▶ [ENTRIES SHOWN]:
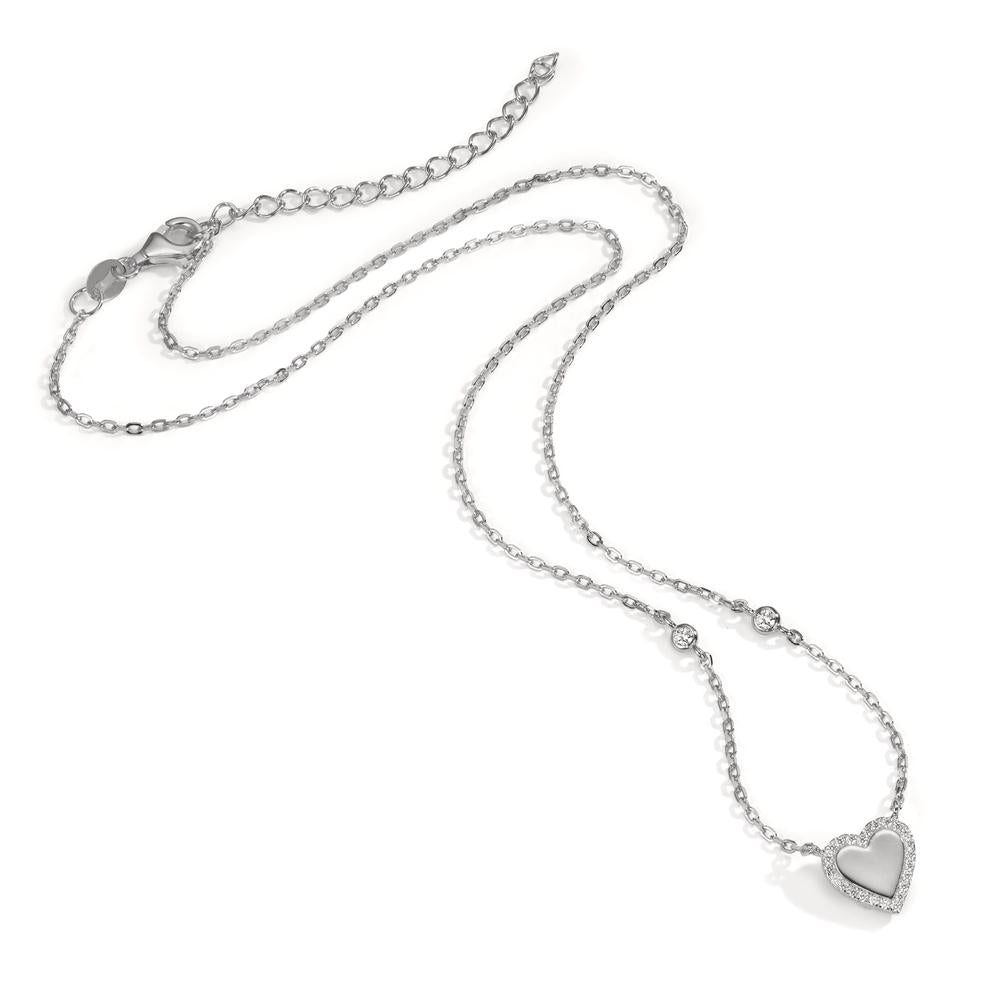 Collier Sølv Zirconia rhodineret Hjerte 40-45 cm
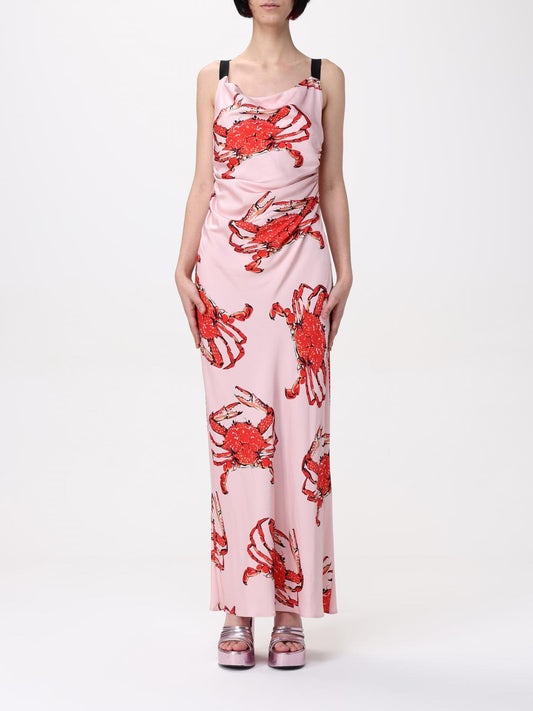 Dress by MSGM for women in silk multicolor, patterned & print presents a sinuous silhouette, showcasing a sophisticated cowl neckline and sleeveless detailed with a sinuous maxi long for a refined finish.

* * *

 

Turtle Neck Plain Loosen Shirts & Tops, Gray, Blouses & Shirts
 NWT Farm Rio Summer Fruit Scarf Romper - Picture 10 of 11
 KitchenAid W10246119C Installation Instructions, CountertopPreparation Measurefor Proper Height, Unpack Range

▶ [TASK ITEM]: Starting at the line with "NWT Farm Rio" and ending at the line with "KitchenAid W10246119C Installation", print each line of the listing above exactly, with no other lines.

▶ [RESPONSE AREA]:
 NWT Farm Rio Summer Fruit Scarf Romper - Picture 10 of 11
 KitchenAid W10246119C Installation Instructions, CountertopPreparation Measurefor Proper Height, Unpack Range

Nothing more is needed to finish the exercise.